Marked for death, his life will never be the same. He and his wife move constantly under police guard. Kurt Westergaard did what he was told: he drew a cartoon of Muhammed for his employer, the Danish newspaper Jyllands-Posten. He had no idea that by doing so he would have to spend the rest of his life hiding from Islamofascists who want to kill him. Watching him interviewed on Danish TV, it occurred to me that Westergaard’s situation symbolizes the utter failure of Multiculturalism. Most Europeans still don’t get it and neither do most Americans. They still insist that we all tolerate a culture which pledges to destroy our own. Westergaard’s interviewer epitomizes smug, multicultural ignorance.
His cartoon depicted Muhammed with a bomb in his turban because he wanted to show “that there are terrorists who get their spiritual dynamite or their spiritual ammunition from Islam.” Radical Muslims proved him right as they rioted across the realm of Islam. His Danish interviewer asked if he felt responsible for a hundred riot deaths. “I see the riots as something which was staged by some governments in some badly managed countries,” responded Westergaard. They were staged because governments in Muslim countries want to divert popular attention from their failure. “But that is not my responsibility,” he concluded, and he’s right of course.
“But Kurt Westergaard, they would not have been in the streets of it hadn’t been because of your drawing,” said the interviewer. “What does it make you feel? You drew a few lines on a piece of paper. You took less than an hour to make that drawing and it has actually caused riots which cost more than a hundred people their lives. As a human being, how do you feel about that?”
He said he felt bad that those people were killed and repeated: “It’s not my responsibility. There were [radical Muslims] who had an interest in using [the drawing] more globally.”
“Why is it so important for you to draw that drawing that even these very large consequences does [sic] not create doubts in your mind?” the dedicated multiculturalist asked yet again.
Westergaard said it was important to express the dangers of radical Islam in the debate. “It should be reasonable to comment on something of a most alarming nature which goes on in this world today: this terror . . . Then we get this clash around freedom of speech, we experience . . . a cultural friction where there are two cultures which . . .”
“You mean the Islamic and the western culture?” asked the thick-headed interviewer.
“What values are you defending with a drawing like that?”
“I fight for Western values. I fight for freedom of speech . . .” said Westergaard. “We live in a secularized society, so it is clear that religion cannot demand any special status.”
“But do you think about that you could be causing trouble with such a drawing instead of fighting against self censorship?”
“Well I hope that such a satirical drawing works in some way when it is being seen.”
“And how is it supposed to work? How can you create freedom of speech with such a drawing of a prophet Mohammed with a piece of dynamite in his turban?”

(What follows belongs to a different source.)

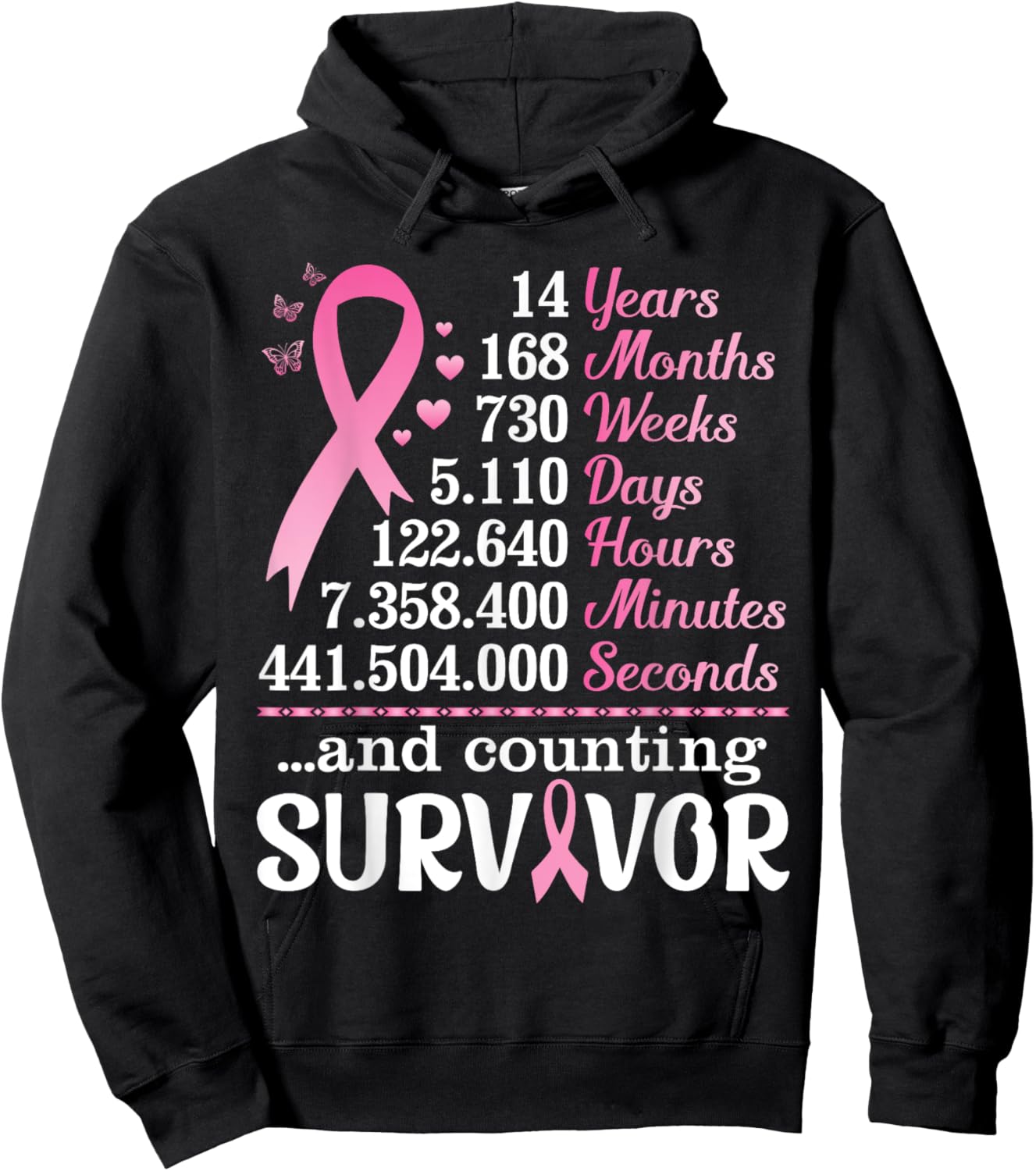 14 Years 168 Months Fighting Breast Cancer Counting Survivor Hoodie - Hoodie | Black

“Well I think I serve freedom of speech when I make such a drawing. Freedom of speech has been put under some pressure. We experience museums which have to remove pictures. We experience an opera in Berlin which has to close down for a period of time and we experience that intellectual, cultural personalities who speak against Islam are threatened. Van Gogh [in] Holland was murdered. Hirsi Ali has to live under protection. I think there is good reason for us to demonstrate that freedom of speech is something which we cherish. We cannot live without it.”
Danish police recently arrested three Danish immigrants from Tunisia plotting to kill Westergaard in his own home.
“What do you think about that situation?” asks the interviewer. Westergaard said he and his wife were depressed about having to move around so much to avoid being murdered. He says he’s angry about being threatened and sentenced to death by fanatics. Then the Danish government released one of the Tunisian plotters. “You could risk meeting him in the walking street in Aarhus tomorrow,” said the interviewer. Then he summed it all up: the threats, the moving around, the hundred deaths, and the deportations. Given all this, does Westergaard regret making the drawing?
“No. I don’t.”
“There would have been a similar confrontation, so this friction between these two cultures is there all the time. What has to be done in the future is that our culture, the . . . superior culture will win and we may see some more modified version of Islam which fits better in a secular society.”
This is anathema to multiculturalists who insist that all cultures are equal.
“So there are no regrets in your mind I can hear?” said the increduluous interviewer.
“No. We have to get a grip on it.”
Indeed. Liberal multiculturalists who dominate government in Europe and North America have to get a grip. The western culture they disdain is superior to, and must be defended against, Islamofascism. If they don’t give up their silly notions and wake up, we’re doomed.